GOAL OF THE EXERCISE
Would you return exactly the lines below from the line with "Black' 'VIGOR Office/Conference Chair Black'" through the line with "Tek Taş Yüzük 14 Ayar Altın HD VİDEOLU", both included, and nothing else, leaving out the pictures?

DATA
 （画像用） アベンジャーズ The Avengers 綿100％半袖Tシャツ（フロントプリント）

--

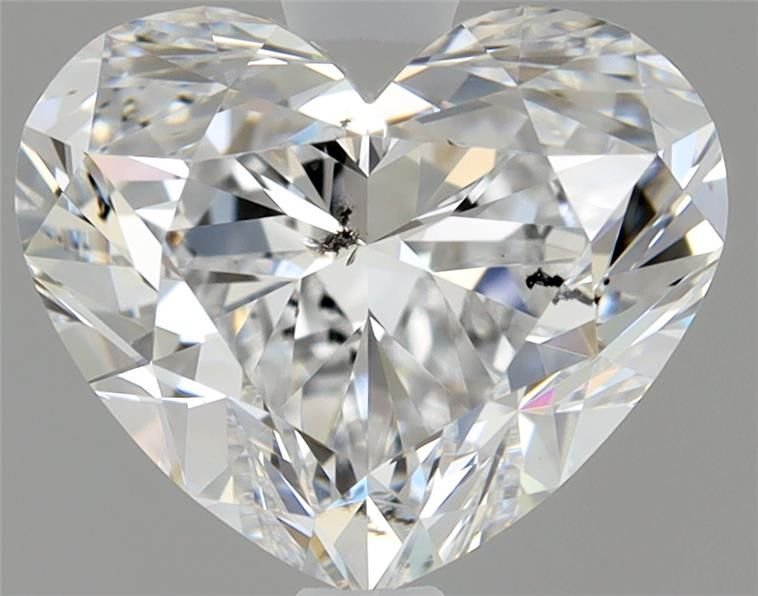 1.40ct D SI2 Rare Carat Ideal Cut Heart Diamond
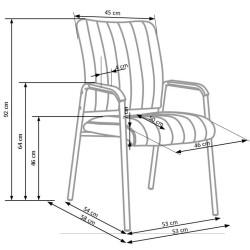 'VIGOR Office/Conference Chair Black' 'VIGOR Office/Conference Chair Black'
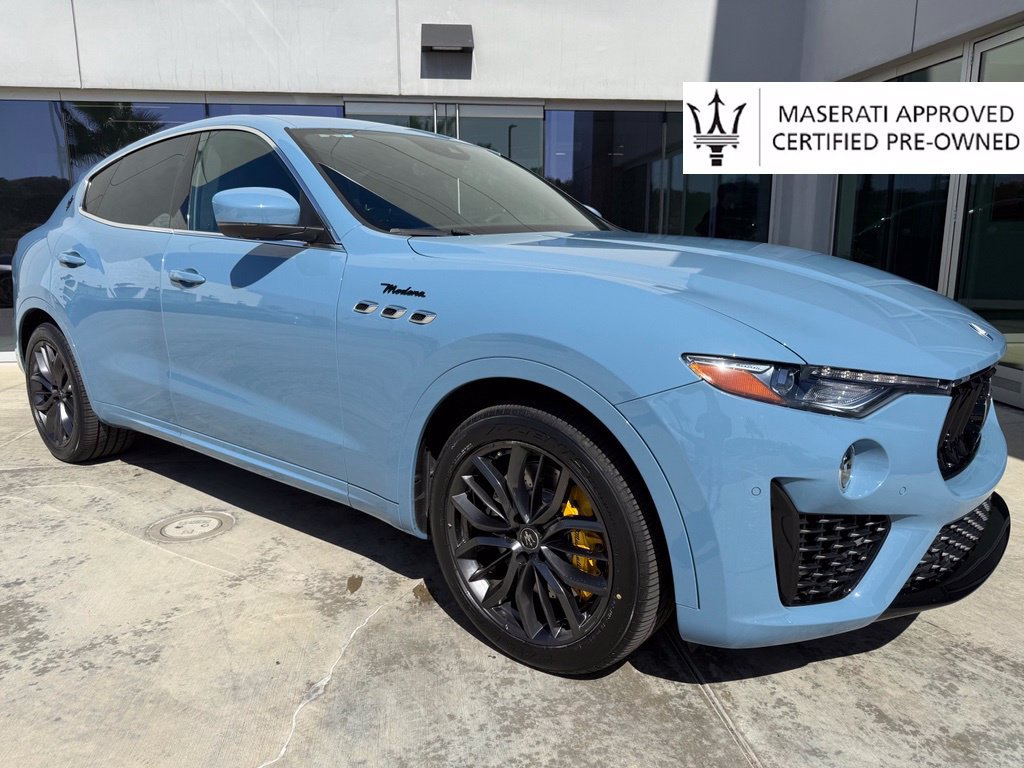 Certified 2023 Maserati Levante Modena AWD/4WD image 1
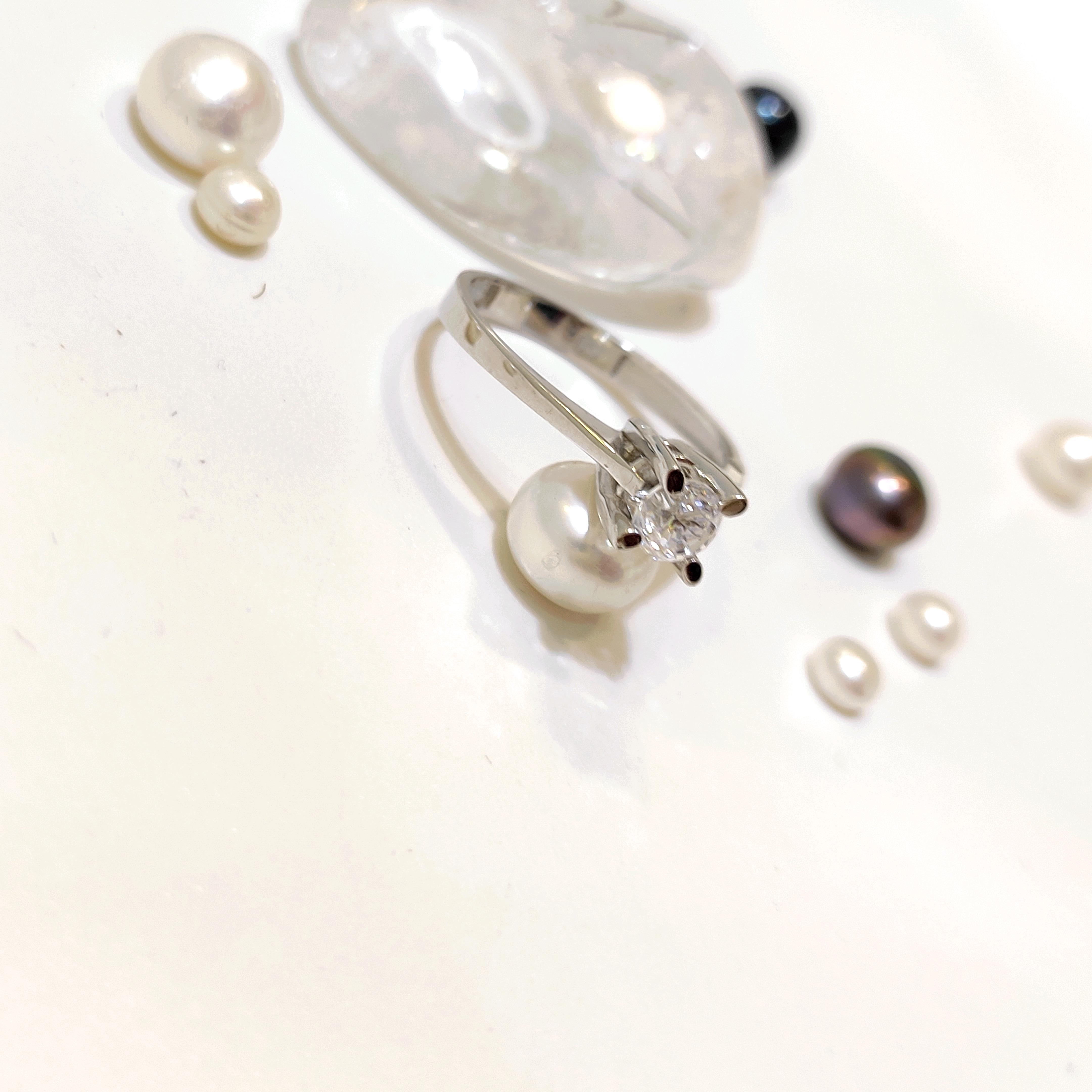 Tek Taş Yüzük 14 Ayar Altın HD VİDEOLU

YOUR RESPONSE
 'VIGOR Office/Conference Chair Black' 'VIGOR Office/Conference Chair Black'
 Certified 2023 Maserati Levante Modena AWD/4WD image 1
 Tek Taş Yüzük 14 Ayar Altın HD VİDEOLU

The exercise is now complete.